◆ RECORDS TO PROCESS ◆
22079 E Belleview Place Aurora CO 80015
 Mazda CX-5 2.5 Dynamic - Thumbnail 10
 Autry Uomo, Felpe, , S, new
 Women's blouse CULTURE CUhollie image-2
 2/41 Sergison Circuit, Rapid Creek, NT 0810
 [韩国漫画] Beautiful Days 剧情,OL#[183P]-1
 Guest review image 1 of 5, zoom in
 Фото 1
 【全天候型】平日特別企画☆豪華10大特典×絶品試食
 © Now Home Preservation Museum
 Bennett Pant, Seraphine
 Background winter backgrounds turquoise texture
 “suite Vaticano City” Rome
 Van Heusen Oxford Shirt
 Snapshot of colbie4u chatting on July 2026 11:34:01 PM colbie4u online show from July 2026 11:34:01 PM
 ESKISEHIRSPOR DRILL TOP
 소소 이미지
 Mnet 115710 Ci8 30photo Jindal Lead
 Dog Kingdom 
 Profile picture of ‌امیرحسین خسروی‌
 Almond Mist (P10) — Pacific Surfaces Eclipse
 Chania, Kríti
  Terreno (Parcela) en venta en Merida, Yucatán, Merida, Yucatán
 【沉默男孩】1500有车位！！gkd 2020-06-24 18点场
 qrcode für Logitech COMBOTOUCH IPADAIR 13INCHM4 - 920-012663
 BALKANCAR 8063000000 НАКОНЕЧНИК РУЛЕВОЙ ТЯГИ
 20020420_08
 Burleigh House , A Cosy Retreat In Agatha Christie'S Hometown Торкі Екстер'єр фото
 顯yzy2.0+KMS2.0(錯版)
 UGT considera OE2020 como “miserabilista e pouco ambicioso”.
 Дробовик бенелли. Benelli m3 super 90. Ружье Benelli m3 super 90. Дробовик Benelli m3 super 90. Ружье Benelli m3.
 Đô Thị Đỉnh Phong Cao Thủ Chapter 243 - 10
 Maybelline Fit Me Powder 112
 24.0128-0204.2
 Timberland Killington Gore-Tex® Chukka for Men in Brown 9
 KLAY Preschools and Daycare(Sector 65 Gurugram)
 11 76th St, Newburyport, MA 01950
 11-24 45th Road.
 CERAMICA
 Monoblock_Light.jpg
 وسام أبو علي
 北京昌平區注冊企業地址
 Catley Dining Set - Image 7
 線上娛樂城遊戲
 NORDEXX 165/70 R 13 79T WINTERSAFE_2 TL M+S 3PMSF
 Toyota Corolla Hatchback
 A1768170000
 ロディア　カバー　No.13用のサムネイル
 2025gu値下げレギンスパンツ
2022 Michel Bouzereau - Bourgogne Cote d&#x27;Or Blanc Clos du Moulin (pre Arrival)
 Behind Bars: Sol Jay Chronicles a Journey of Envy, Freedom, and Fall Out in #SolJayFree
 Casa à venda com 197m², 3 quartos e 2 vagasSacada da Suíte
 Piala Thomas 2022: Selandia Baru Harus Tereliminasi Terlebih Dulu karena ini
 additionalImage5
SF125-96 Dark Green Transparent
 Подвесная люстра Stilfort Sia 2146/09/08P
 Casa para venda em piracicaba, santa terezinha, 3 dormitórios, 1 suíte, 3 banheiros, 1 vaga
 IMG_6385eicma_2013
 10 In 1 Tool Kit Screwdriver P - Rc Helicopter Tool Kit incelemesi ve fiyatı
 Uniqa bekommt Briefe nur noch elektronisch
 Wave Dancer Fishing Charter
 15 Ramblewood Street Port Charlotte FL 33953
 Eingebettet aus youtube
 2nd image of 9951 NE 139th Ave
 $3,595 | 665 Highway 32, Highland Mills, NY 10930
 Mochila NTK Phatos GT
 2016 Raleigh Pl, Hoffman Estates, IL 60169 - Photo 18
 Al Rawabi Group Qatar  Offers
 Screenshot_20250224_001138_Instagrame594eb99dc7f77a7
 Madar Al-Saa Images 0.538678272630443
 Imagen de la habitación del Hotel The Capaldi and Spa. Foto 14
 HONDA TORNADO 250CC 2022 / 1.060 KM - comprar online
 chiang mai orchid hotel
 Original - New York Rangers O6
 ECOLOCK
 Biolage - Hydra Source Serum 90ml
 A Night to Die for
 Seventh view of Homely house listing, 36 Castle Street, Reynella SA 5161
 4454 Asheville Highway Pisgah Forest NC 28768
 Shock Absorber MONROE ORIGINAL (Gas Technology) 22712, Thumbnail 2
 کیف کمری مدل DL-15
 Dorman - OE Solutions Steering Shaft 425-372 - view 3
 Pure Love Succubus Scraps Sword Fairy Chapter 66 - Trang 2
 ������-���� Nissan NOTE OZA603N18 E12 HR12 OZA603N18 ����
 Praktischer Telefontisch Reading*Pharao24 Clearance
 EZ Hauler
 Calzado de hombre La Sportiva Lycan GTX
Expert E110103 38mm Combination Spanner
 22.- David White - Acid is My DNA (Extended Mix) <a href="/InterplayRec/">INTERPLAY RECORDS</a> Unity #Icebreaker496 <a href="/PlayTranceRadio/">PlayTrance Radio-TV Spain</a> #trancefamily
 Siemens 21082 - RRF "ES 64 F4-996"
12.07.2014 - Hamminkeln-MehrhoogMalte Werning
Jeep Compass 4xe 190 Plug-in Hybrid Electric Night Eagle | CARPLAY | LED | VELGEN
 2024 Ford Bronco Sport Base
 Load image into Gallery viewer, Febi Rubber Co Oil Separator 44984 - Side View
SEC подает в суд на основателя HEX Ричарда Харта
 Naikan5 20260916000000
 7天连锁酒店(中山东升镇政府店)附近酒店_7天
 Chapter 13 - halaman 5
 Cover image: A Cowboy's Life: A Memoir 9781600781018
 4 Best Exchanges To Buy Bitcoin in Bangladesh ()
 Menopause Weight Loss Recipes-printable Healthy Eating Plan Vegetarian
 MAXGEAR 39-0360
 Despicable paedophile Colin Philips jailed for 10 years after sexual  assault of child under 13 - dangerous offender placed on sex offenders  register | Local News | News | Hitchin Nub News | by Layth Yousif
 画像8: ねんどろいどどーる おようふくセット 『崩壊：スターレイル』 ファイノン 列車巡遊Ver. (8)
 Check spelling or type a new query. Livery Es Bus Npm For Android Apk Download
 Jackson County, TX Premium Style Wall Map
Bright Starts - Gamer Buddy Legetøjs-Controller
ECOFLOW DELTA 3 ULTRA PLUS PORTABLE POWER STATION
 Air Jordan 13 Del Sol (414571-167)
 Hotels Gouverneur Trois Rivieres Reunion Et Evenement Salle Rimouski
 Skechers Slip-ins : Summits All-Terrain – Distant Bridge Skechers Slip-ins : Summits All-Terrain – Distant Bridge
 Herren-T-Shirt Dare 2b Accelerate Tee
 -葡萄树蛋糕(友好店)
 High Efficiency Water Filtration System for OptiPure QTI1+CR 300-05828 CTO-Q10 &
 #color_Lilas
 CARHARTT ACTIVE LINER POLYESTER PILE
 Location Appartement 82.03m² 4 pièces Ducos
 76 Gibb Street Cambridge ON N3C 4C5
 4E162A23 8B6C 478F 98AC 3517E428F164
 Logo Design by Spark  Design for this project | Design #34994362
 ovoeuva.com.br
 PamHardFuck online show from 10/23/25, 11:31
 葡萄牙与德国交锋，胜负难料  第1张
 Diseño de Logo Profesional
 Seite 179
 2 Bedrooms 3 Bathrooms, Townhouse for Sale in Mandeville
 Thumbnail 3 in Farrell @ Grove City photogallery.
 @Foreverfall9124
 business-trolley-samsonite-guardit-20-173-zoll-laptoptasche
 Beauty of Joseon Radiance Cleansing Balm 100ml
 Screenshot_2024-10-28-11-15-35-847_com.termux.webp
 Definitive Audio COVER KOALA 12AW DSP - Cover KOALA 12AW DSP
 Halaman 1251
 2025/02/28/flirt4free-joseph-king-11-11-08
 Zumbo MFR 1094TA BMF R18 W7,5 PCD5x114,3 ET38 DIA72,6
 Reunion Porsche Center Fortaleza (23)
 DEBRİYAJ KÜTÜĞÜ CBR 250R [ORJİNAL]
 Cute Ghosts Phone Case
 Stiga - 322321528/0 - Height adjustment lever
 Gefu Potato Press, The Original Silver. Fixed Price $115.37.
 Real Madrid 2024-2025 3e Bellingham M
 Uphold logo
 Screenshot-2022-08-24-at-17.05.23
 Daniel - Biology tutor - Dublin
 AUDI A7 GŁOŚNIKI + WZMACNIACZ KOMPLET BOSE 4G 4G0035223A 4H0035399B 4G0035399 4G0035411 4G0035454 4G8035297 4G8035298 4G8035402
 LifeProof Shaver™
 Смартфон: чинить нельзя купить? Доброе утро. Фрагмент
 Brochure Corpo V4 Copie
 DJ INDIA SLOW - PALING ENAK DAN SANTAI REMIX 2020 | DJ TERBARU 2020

◆ WHAT THE EXERCISE ASKS ◆
Look through the data above and return exactly the lines from the one that contains "Wave Dancer Fishing Charter" to the one that contains "Mochila NTK Phatos GT", inclusive, with nothing else.

◆ SOLUTION TO THE EXERCISE ◆
 Wave Dancer Fishing Charter
 15 Ramblewood Street Port Charlotte FL 33953
 Eingebettet aus youtube
 2nd image of 9951 NE 139th Ave
 $3,595 | 665 Highway 32, Highland Mills, NY 10930
 Mochila NTK Phatos GT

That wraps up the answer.